Benjamin Rush was considered he most influential physician in the history of American medicine down to the Civil War.  In 1776, he was elected a delegate to the Continental Congress and was one of the signers of the Declaration of Independence. In 1777 he was  appointed Surgeon General of the Continental Army. Afterwards, Rush returned to Philadelphia and resumed his medical practice and teaching. He was one of the first physicians to use a form of inoculation to prevent some diseases and to advocate sanitation and quarantine to prevent their spread. Rush’s major contribution to medicine lay in his work with the mentally ill at Pennsylvania Hospital. He was far ahead of his time in his belief that all mental illnesses, including alcoholism, were due to physical causes. He promoted humane treatment of the insane and published the first American psychiatric textbook. He also became one of the best known teachers in the country and trained over three thousand students in his lifetime. Rush’s professional and political prominence also brought attention to his social reforms. His lifelong stance against slavery, including his participation in and later presidency of the Pennsylvania Society for Promoting the Abolition of Slavery, helped free many slaves. Rush also deemed public punishments, then common, to be counterproductive, proposing private confinement, labor, solitude, and religious instruction for criminals.

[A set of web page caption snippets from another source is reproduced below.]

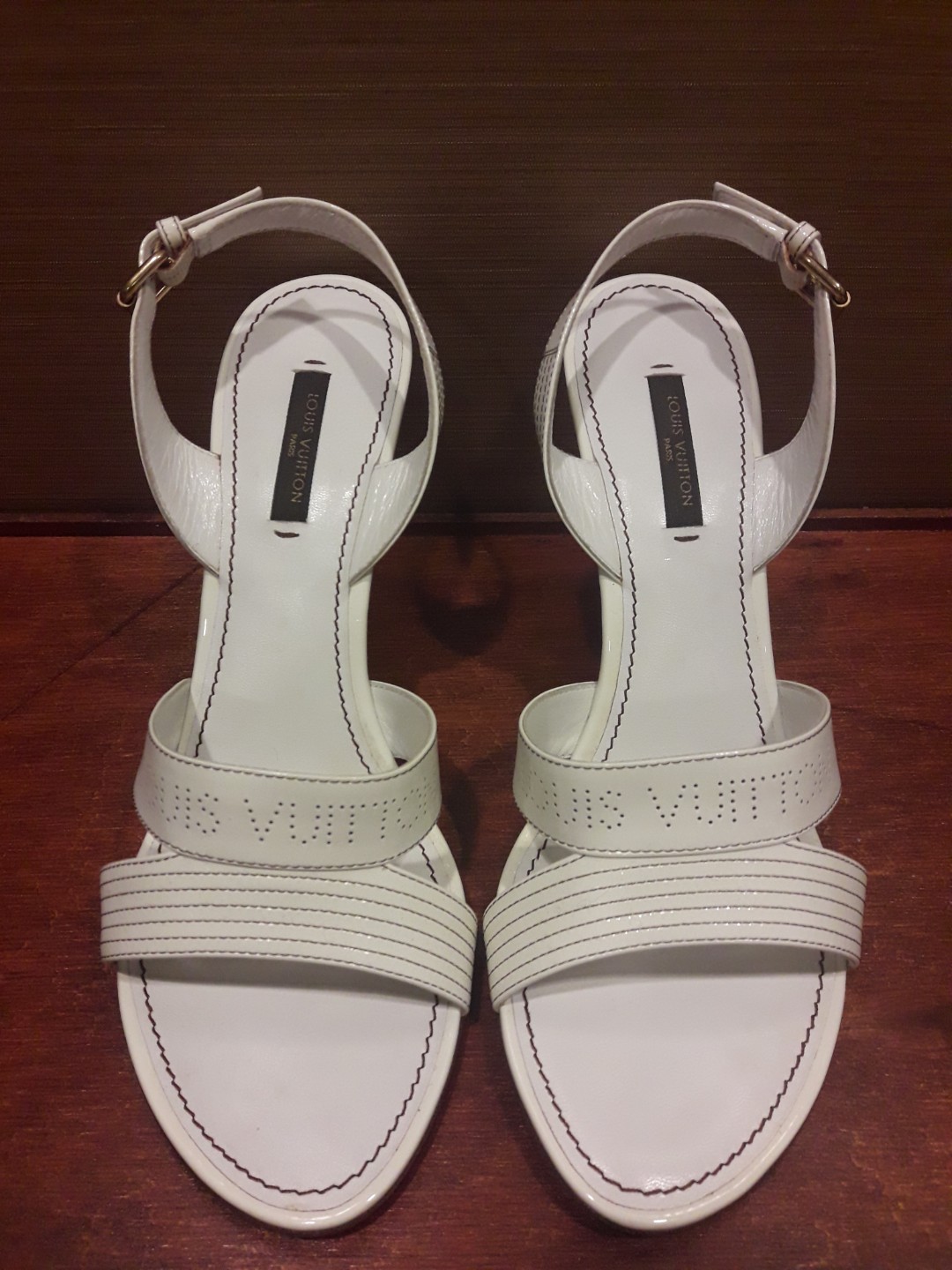 louis vuitton ladies shoes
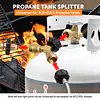Y-Splitter Valve - Master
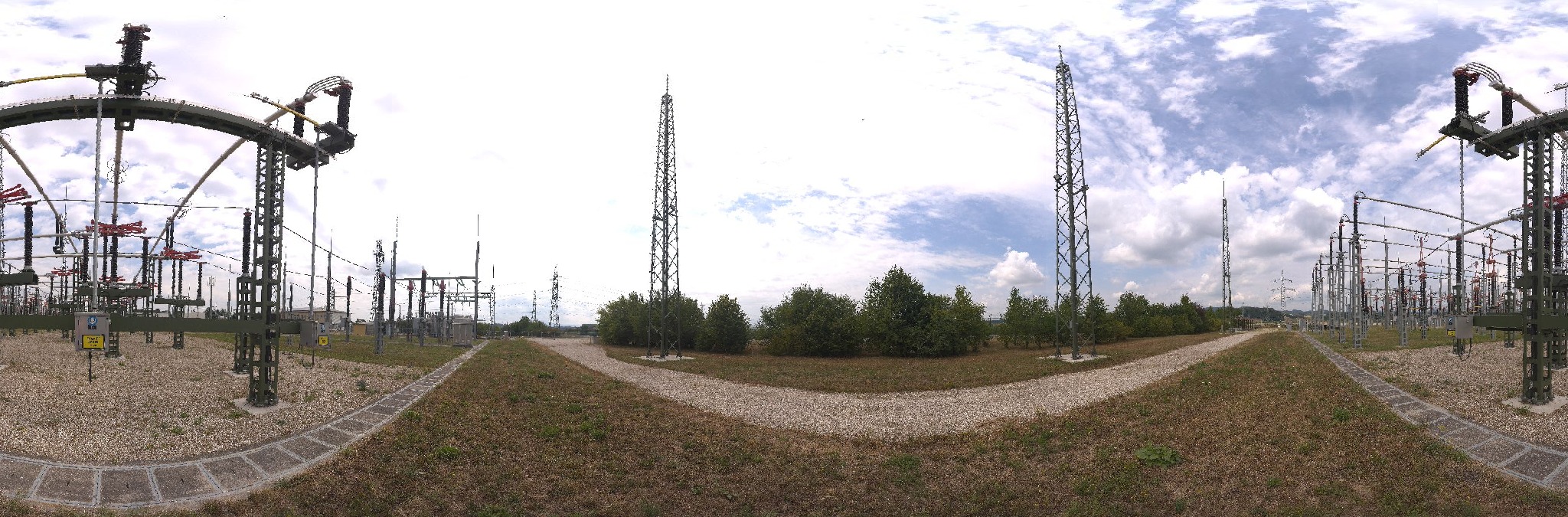 Panorama ScanPos181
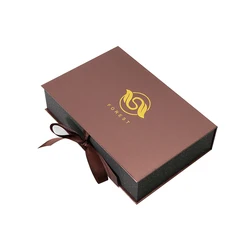 Wholesale Clothing Packaging Mailer Corrugated Paper box custom gift boxes with logo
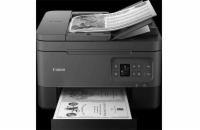 Canon PIXMA Tiskárna TS7451A white - barevná, MF (tisk,kopírka,sken,cloud), duplex, USB,Wi-Fi,Bluetooth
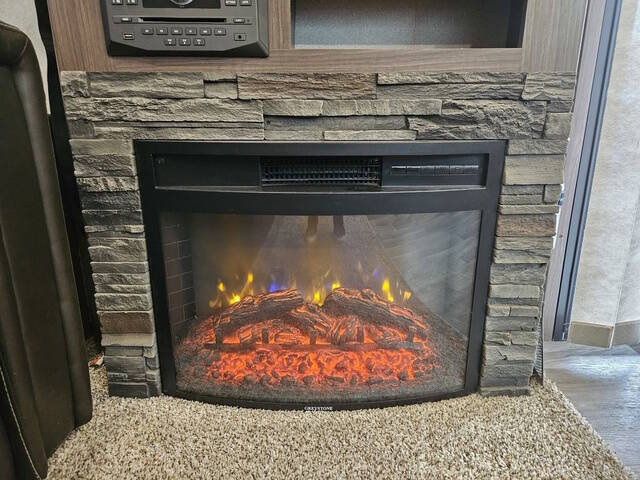 2019 Keystone RV Retreat
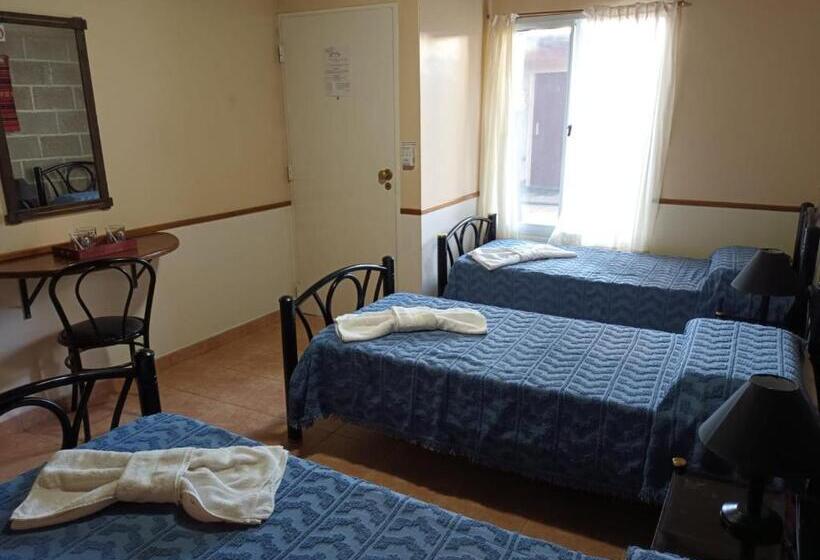 فندق صغير Vila Sornico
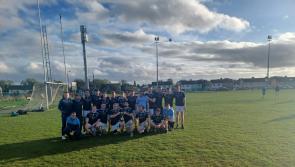 Ballinagar crown sensational year with fourth title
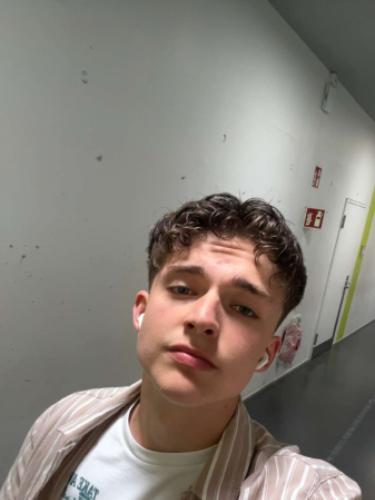 Noah Debiec
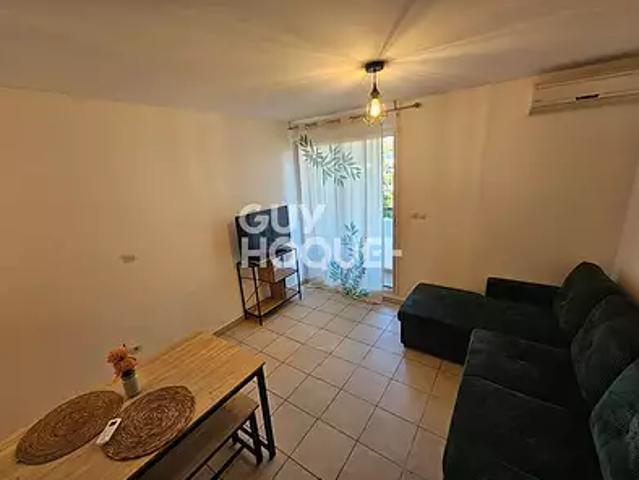 Sainte Clotilde 97490 Achat / Vente appartement 1 pièce t1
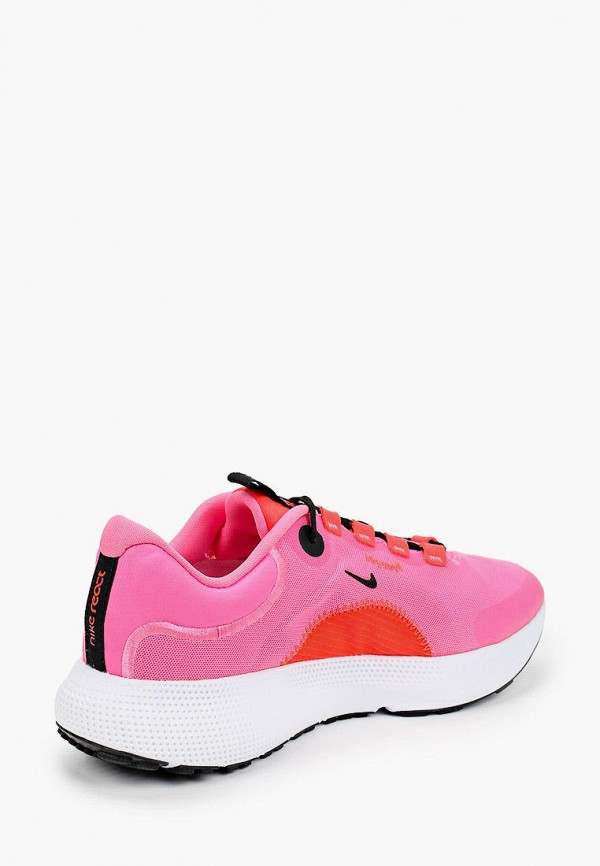 

Кроссовки Nike, Розовый, Nike MP002XW08411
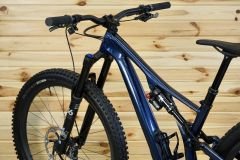Specialized Stumpjumper Expert 29” - Trail/Enduro Bisiklet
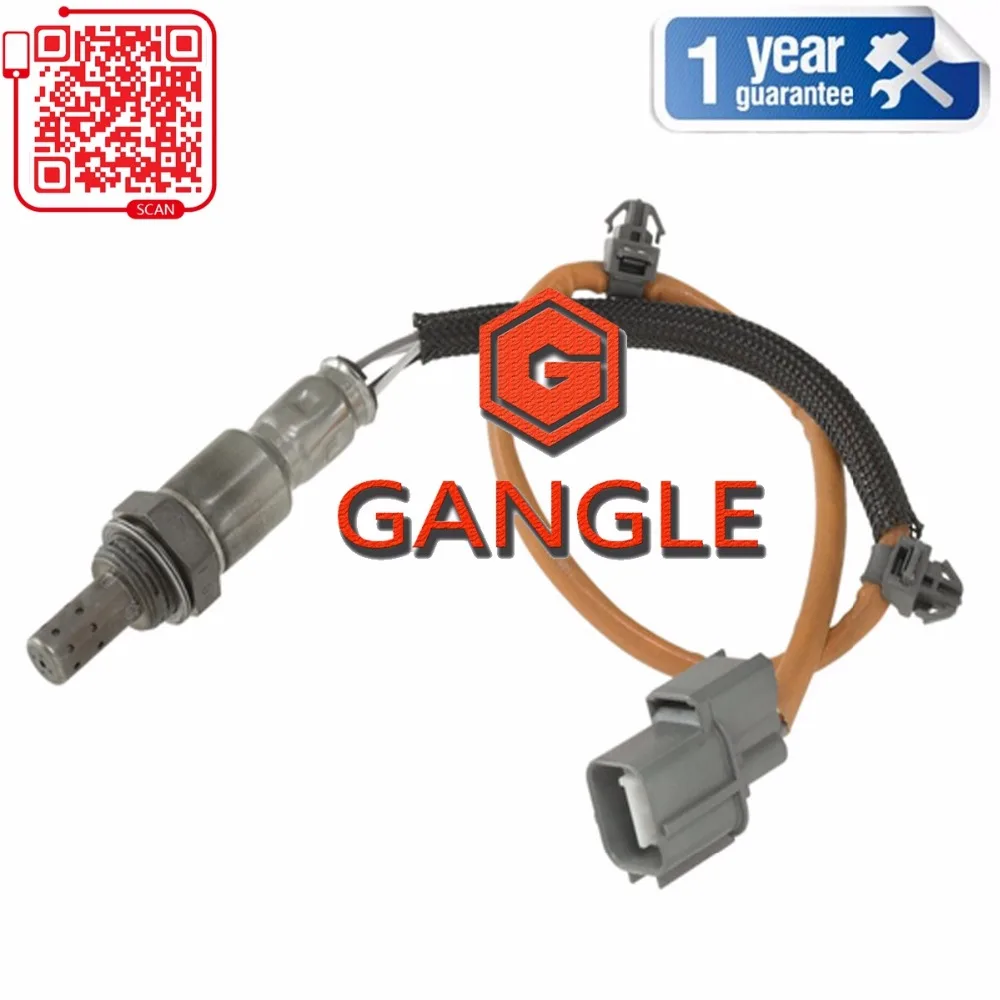 

For 2003-2004 HONDA Pilot 3.5L Oxygen Sensor GL-24368 36532-RCA-A01 36532-RCA-A02 36542-RCA-A01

Rush was known for his outspoken opposition to capital punishment, and his work contributed to the Pennsylvania legislature’s decision to abolish the death penalty for all crimes other than first-degree murder. In this letter on the subect, he stresses the brotherhood of man, his advocacy of humane principles, and belief in the necessity and importance of doing good. Autograph Letter Signed, 2 pages, Philadelphia, July 9, 1803, to an unnamed correspondent (apparently also a doctor), discussing Rush’s feelings on capital punishment: “Your essays upon the punishment of death by law are well written, and have added great support to my opinions on that subject. It gives me great pleasure to discover that our humane & just principles are spreading through most of the states, and that in several of them, capital punishments have been in a great measure abolished. May the time soon come when man every where shall cease not only to be the ‘greatest foe to man’ but feel that the most degraded & the most guilty individual of his species, is an unfortunate brother! Continue my dear Sir your labors for the benefit of your fellow citizens. “Do all the good you can – expect to be persecuted for doing good, and learn to rejoice in persecution’ was the advice of a venerable old clergyman to a young minister of the gospel. It is equally proper to address it to young men of all professions who devote themselves to the service of mankind. Do you ever see the Medical Depository of New York??It is now the vehicle through which I convey  all my opinions and new modes of practice to the world.” A fascinating letter. Rush liked this quotation about being persecuted for doing good and repeated it to Noah Webster.